Online retail giant Amazon is suing the administrators of 10,000 groups on the social media platform Facebook for orchestrating "fake reviews" in exchange for money or free products, Amazon announced Tuesday.
"Our teams stop millions of suspicious reviews before they're ever seen by customers, and this lawsuit goes a step further to uncover perpetrators operating on social media," Dharmesh Mehta, Amazon’s vice president of Selling Partner Services said in a company press release. "Proactive legal action targeting bad actors is one of many ways we protect customers by holding bad actors accountable."
Amazon said it plans to use the suit, filed in King County, Washington, near its Seattle headquarters, to uncover information and remove bogus reviews.
"Brokers" in these groups would often offer members a payment or other valuable items in exchange for complimentary reviews of their third-party stores.
Amazon said it was one of the "pioneers" to offer reviews in 1995 to help customers make "more informed" purchasing decisions and wants them to represent the true "shopping experience" of users.
One such group — "Amazon Product Review" — removed earlier this year by Facebook, now called "Meta," had more than 43,000 members and allegedly tried to hide its activities from Facebook investigators by "obfuscating" the text of letters in "problematic phrases," according to Amazon.
The company said it uses 12,000 employees around the world to detect fraud and abuse directed at its stores from various social media sites including Facebook, TikTok, and Twitter.
"Today's legal action is the latest step by Amazon aimed at stopping fraudsters who attempt to post fake reviews in Amazon’s stores. In the past year, legal action from Amazon has shut down multiple major review brokers targeting customers in the U.S., the U.K., Germany, France, Italy, and Spain," Amazon's statement said.
"However, the nefarious business of brokering fake reviews remains an industry-wide problem, and civil litigation is only one step.
"Permanently ridding fake reviews across retail, travel, and other sectors will require greater public-private partnership, including collaboration between the affected companies, social media sites, and law enforcement, all focused on a goal of greater consumer protection. Amazon remains eager to continue to partner with all the relevant stakeholders to achieve that mutual goal."

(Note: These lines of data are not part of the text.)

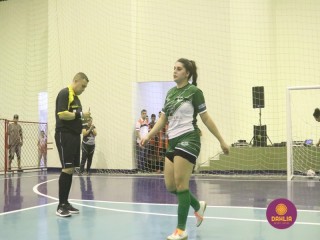 
<a style='margin-left: 5px;' class='btn btn-xs btn-social btn-facebook' href='https://www.facebook.com/sharer/sharer.php?u=https://boladovale.com.br/imgs/800-800-90/conteudo/fotos/1498/img9620.jpg' rel='popup' data-width='500' data-height='400'><i class='fa fa-facebook'></i>Compartilhar <span class='hidden-xs'>no Facebook</span>
</a> 
<a class='btn btn-default btn-xs' target='_blank' href='imgs/800-800-90/conteudo/fotos/1498/img9620.jpg'>
<span class='glyphicon glyphicon-cloud-download'></span> Salvar
</a> 
<span></span>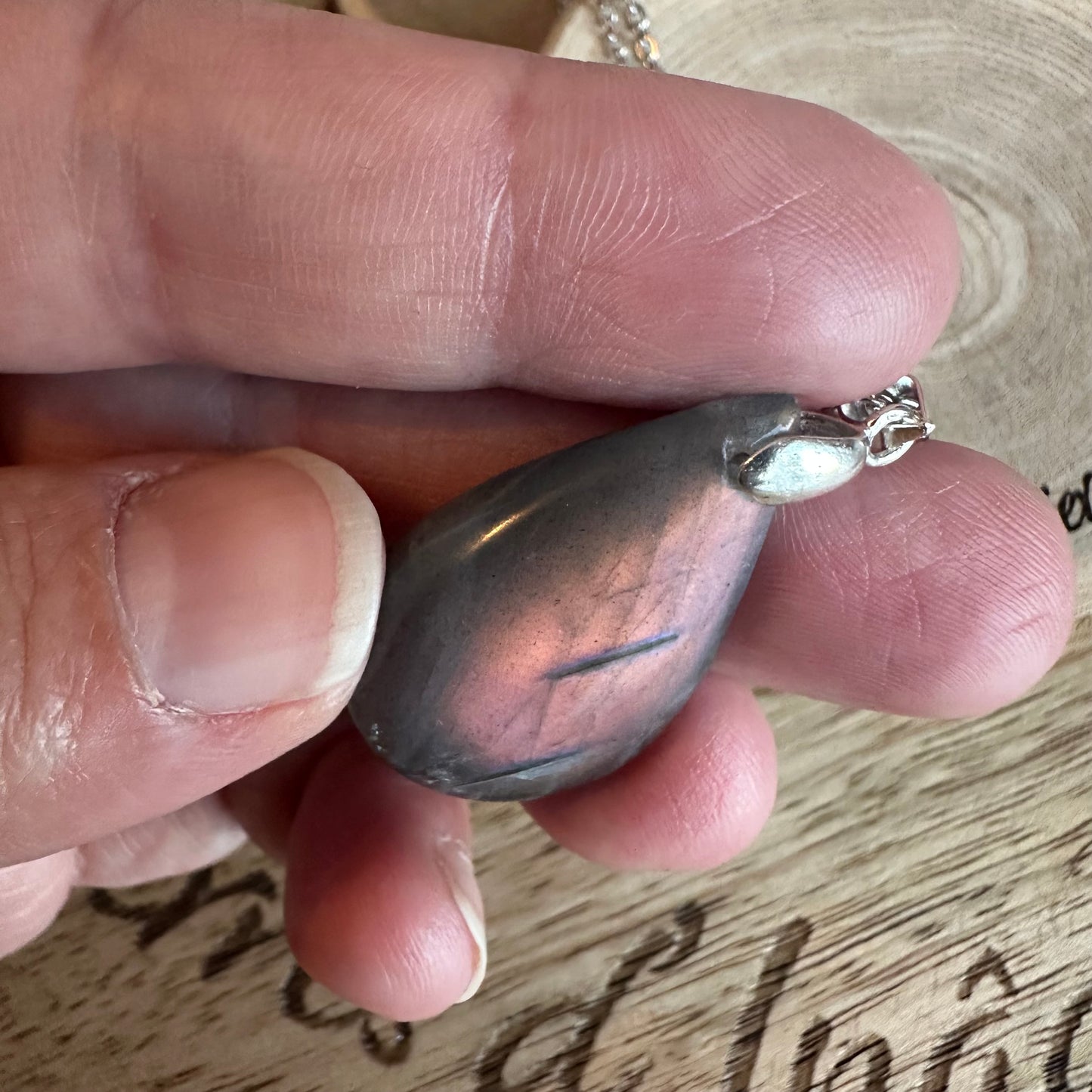 Pendentif Labradorite – Protection, Intuition et Bouclier énergétique (REF 273)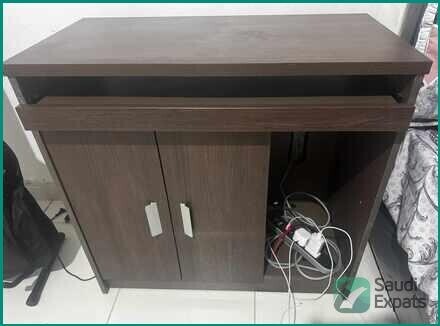 affordable-computer-table-for-sale-in-jeddah-big-0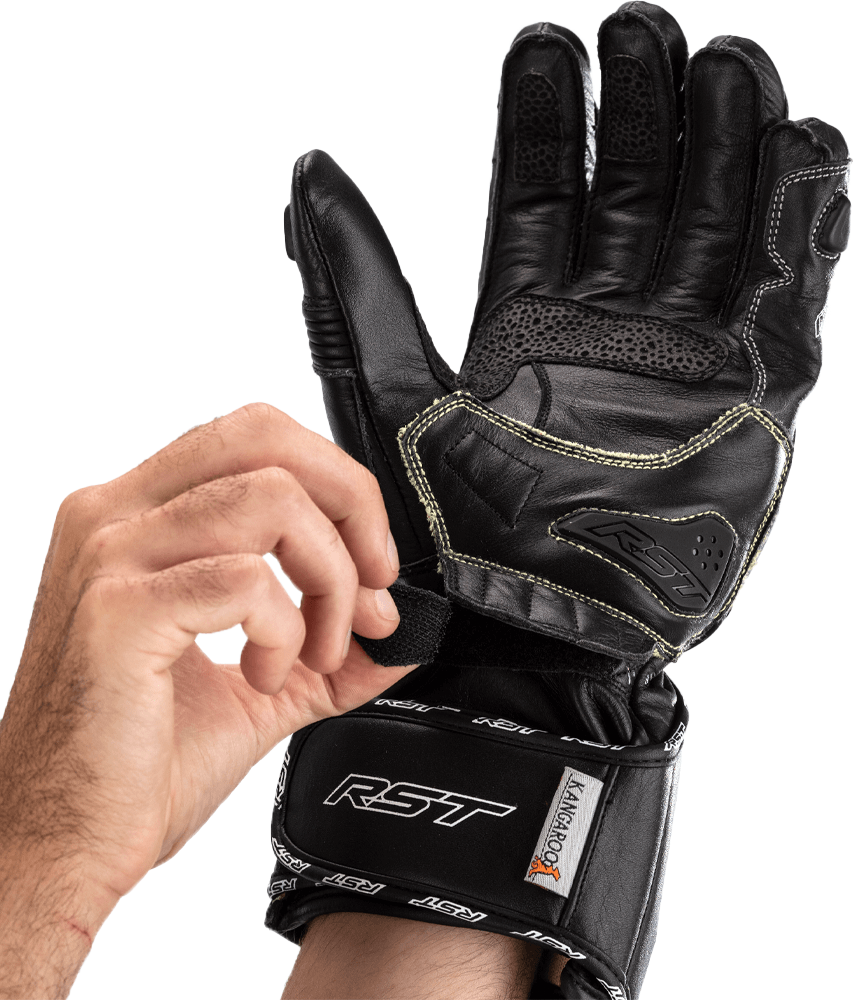 RST Men's TracTech Evo 4 CE Men's Motorcycle Gloves - Knuckle Protection Detail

A spokesperson for Meta told the Daily Mail that groups soliciting or encouraging fake reviews violates its terms of service policy.
"Groups that solicit or encourage fake reviews violate our policies and are removed," a Meta spokesperson told the news outlet. "We are working with Amazon on this matter and will continue to partner across the industry to address spam and fake reviews."
Amazon said Meta has removed "more than half" of the 10,000 groups identified since 2020, and that it has stopped more than 200 million "fake reviews" during that time.